Not All Relevance Scores are Equal: Efficient Uncertainty and Calibration Modeling for Deep Retrieval Models

TL;DR

This paper introduces an efficient Bayesian approach to quantify uncertainty in deep retrieval models' relevance scores, enhancing ranking effectiveness and calibration for downstream tasks.

Contribution

It proposes a novel, computationally efficient Bayesian framework to model uncertainty in retrieval scores, improving calibration and downstream task performance.

Findings

Significantly improves ranking effectiveness via risk-aware reranking.

Enhances confidence calibration of retrieval models.

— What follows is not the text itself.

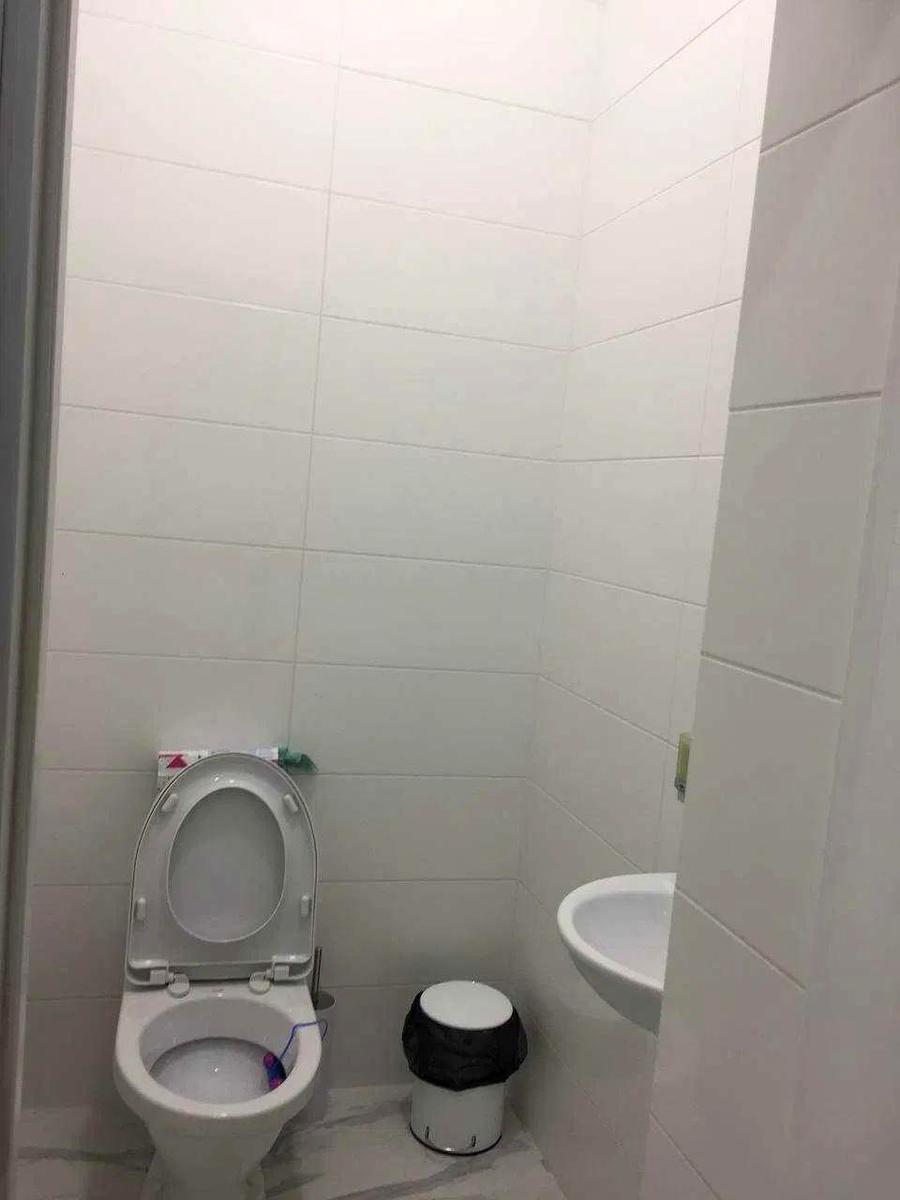 1870086783449383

Uncertainty information is reliable and actionable for downstream tasks.

Abstract

In any ranking system, the retrieval model outputs a single score for a document based on its belief on how relevant it is to a given search query. While retrieval models have continued to improve with the introduction of increasingly complex architectures, few works have investigated a retrieval model's belief in the score beyond the scope of a single value. We argue that capturing the model's uncertainty with respect to its own scoring of a document is a critical aspect of retrieval that allows for greater use of current models across new document distributions, collections, or even improving effectiveness for down-stream tasks. In this paper, we address this problem via an efficient Bayesian framework for retrieval models which captures the model's belief in the relevance score through a stochastic process while adding only negligible computational overhead. We evaluate this belief via a ranking based calibration metric showing that our approximate Bayesian framework significantly improves a retrieval model's ranking effectiveness through a risk aware reranking as well as its confidence calibration. Lastly, we demonstrate that this additional uncertainty information is actionable and reliable on down-stream tasks represented via cutoff prediction.